Three-Bladed Versus Four-Bladed Props

Three blades versus four? Stainless versus aluminum?

Just some of the questions to consider when choosing a new prop.

You may have noticed four-bladed props on boats at a marina or boat show and thought, “I wonder what that would do for my boat?” I often recommend a four-bladed prop to boat owners who enjoy tubing, water-skiing, and family outings. Four-bladed propellers have many benefits, including giving the boat more torque at the low end and in the mid-range, which is ideal for water-skiing and tubing. They also get the boat to plane quicker. That extra blade is pushing more water, making the boat get up and go. You may trade off a bit of efficiency due to increased drag, but you’ll also get better bite for low-speed maneuvering as well.

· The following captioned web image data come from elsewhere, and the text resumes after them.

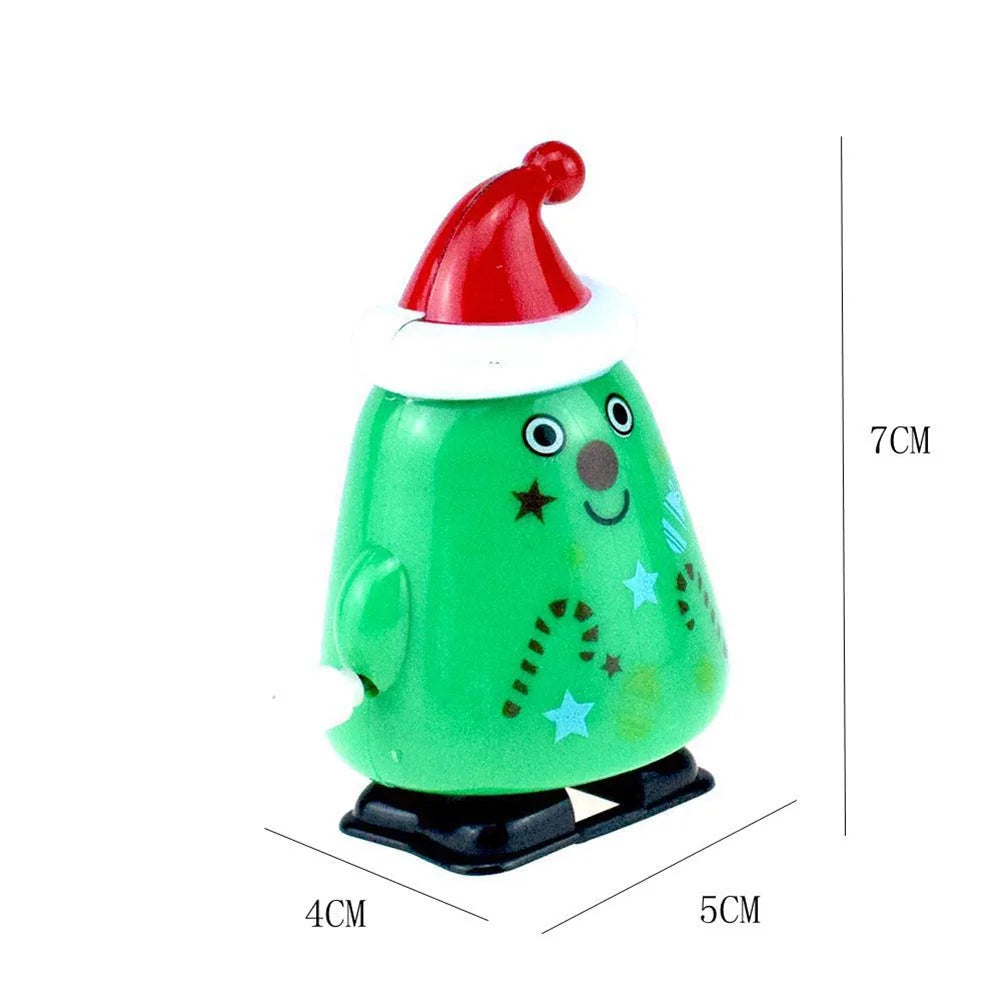 Christmas Tree Clockwork Wind Up Toy H672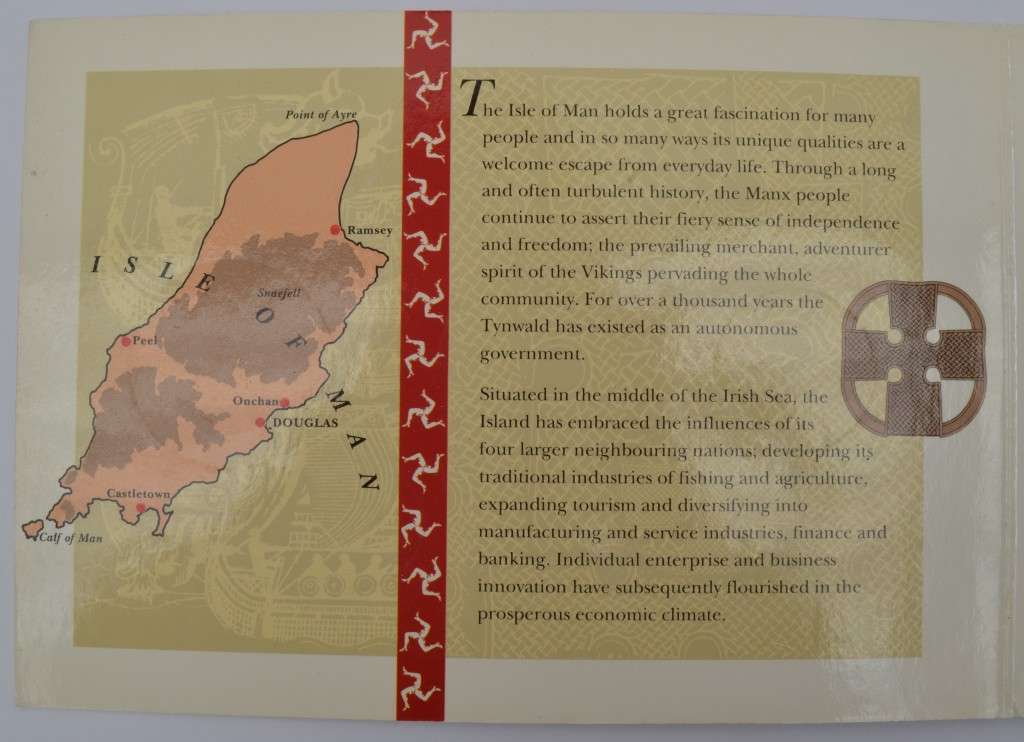 Isle of Man Coin Collection Set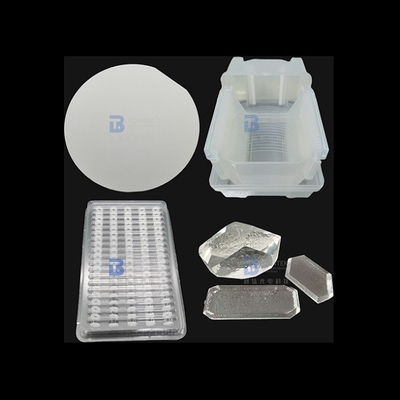 Il doppio lato ha lucidato il singolo taglio di distacco di Crystal Quartz Wafer Ultra Thin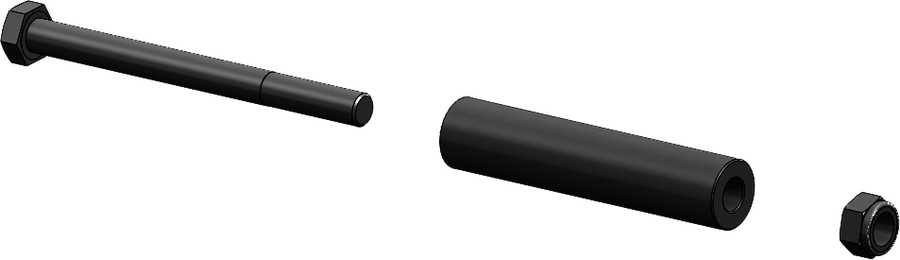 REPLACEMENT SE ROLLER KIT HORIZONTAL WIDE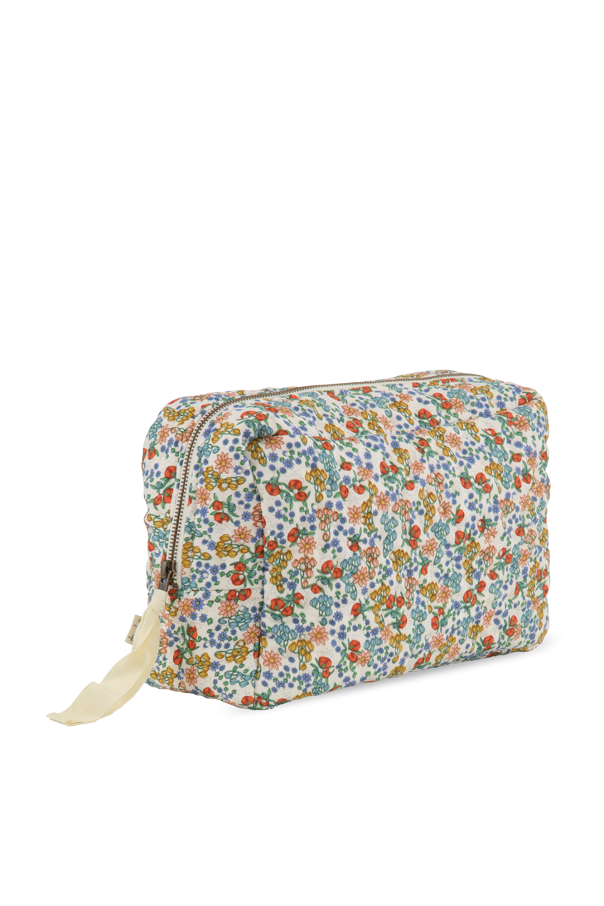 Printed cotton wash bag od Konges Sløjd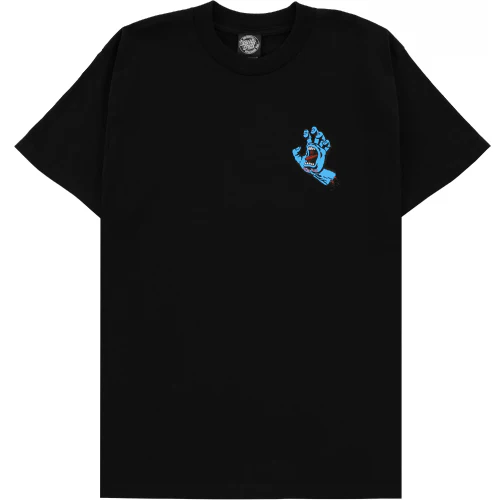Santa Cruz Screaming Hand Tee - Black - Image 2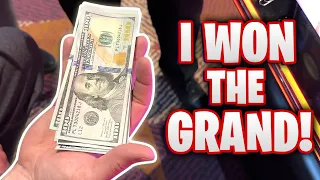 HE WON THE GRAND ‼️ 😳 HE ACTUALLY WON THE GRAND JACKPOT 💰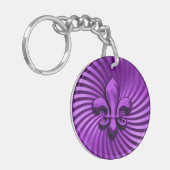 Porte-clés Fleur de Lis (Devant gauche)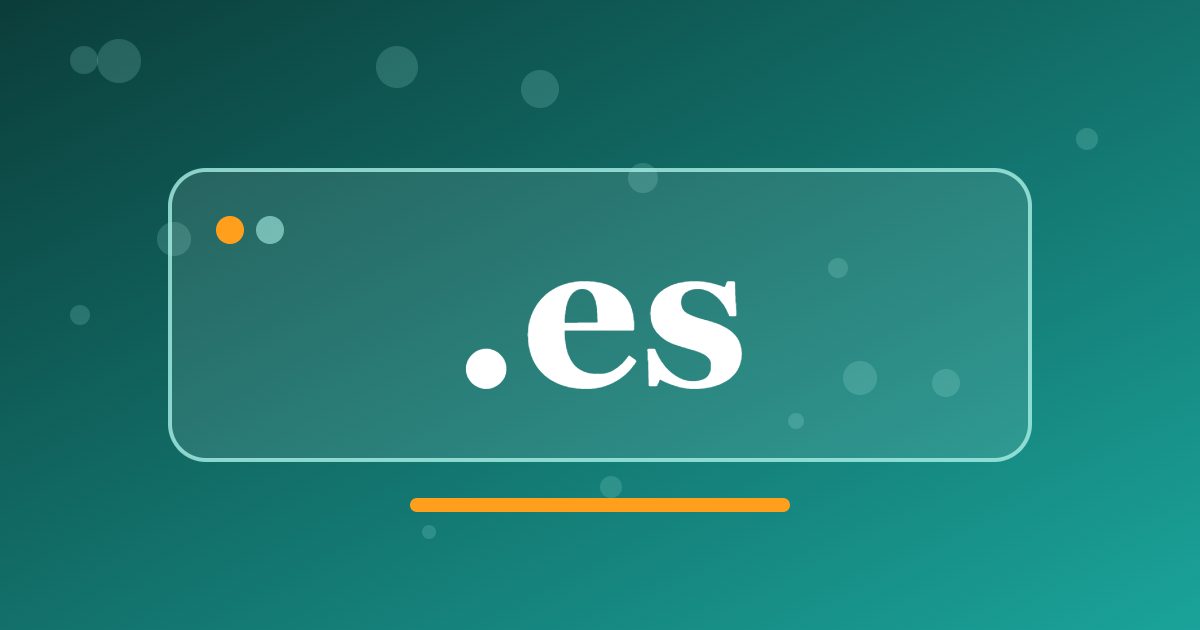 .es Domain: A National Address for Spanish Companies and Projects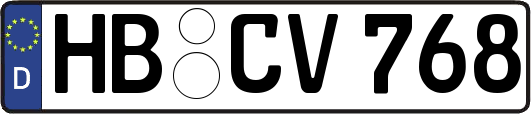 HB-CV768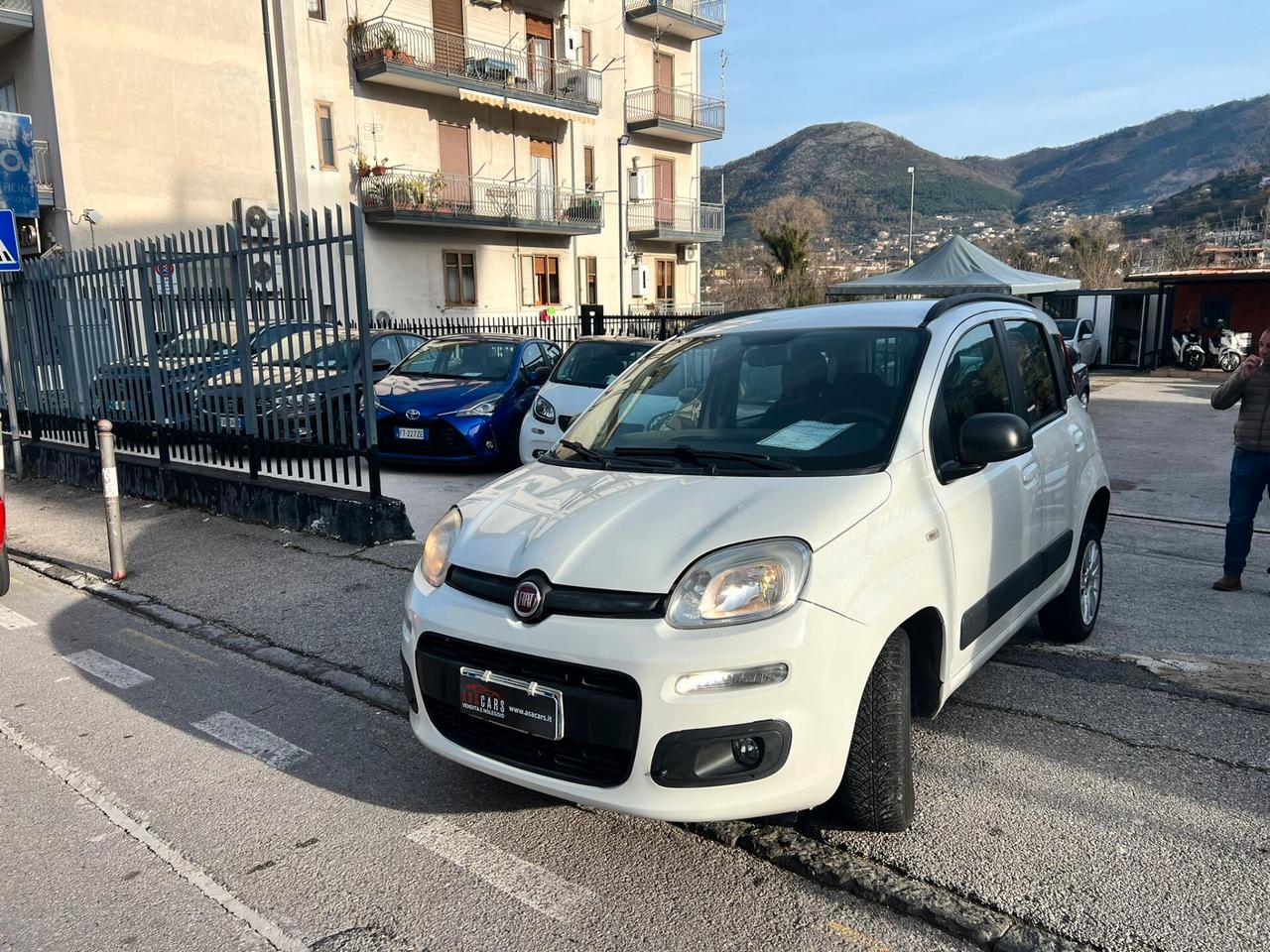 Fiat Panda 0.9 TwinAir Turbo Natural Power Lounge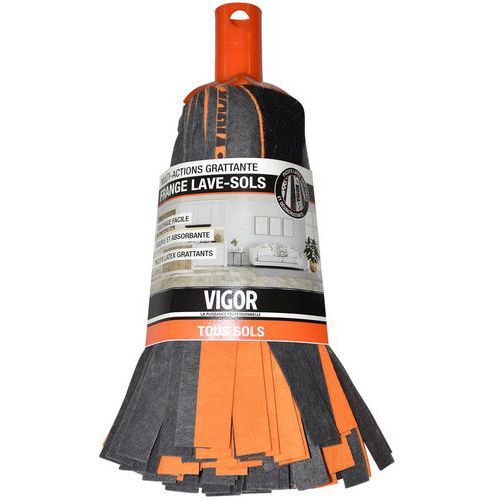 Frange lave sol synthétique multi-action - Vigor Frange lave sol synthétique multi-action - Vigor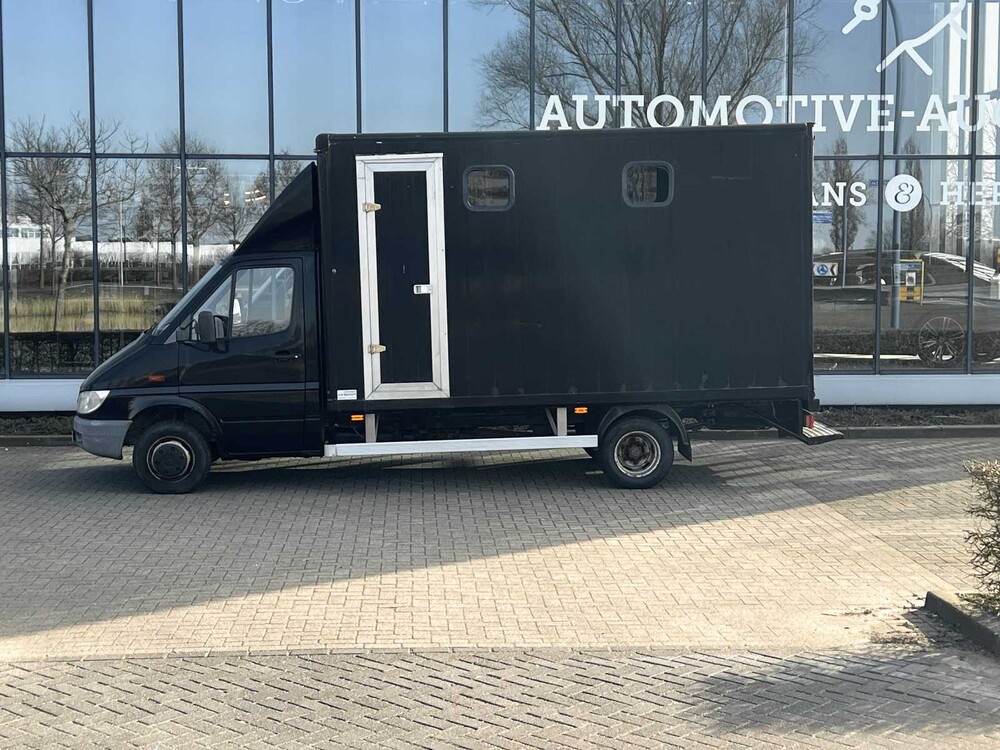 Mercedes-Benz Sprinter 413 CDI 2.2 402 HD 129PS 2001, 17-VV-RD Nutzfahrzeug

Stainless Steel Versus Aluminum

Customers always ask about the differences between stainless-steel and aluminum propellers. Aluminum is a softer metal, so aluminum props have less ability to endure the pressure and demands of higher-horsepower, higher-torque motors. They break more easily, but they’re relatively inexpensive and cost-effectively repairable. A stainless-steel prop lends itself to having a more customizable shape. If you look at the number of different stainless-steel props that are available, you’ll see that they come in many different shapes and sizes. So if your boat can’t turn up to its rated rpm, or you’re not happy with another aspect of its performance, look into a different prop.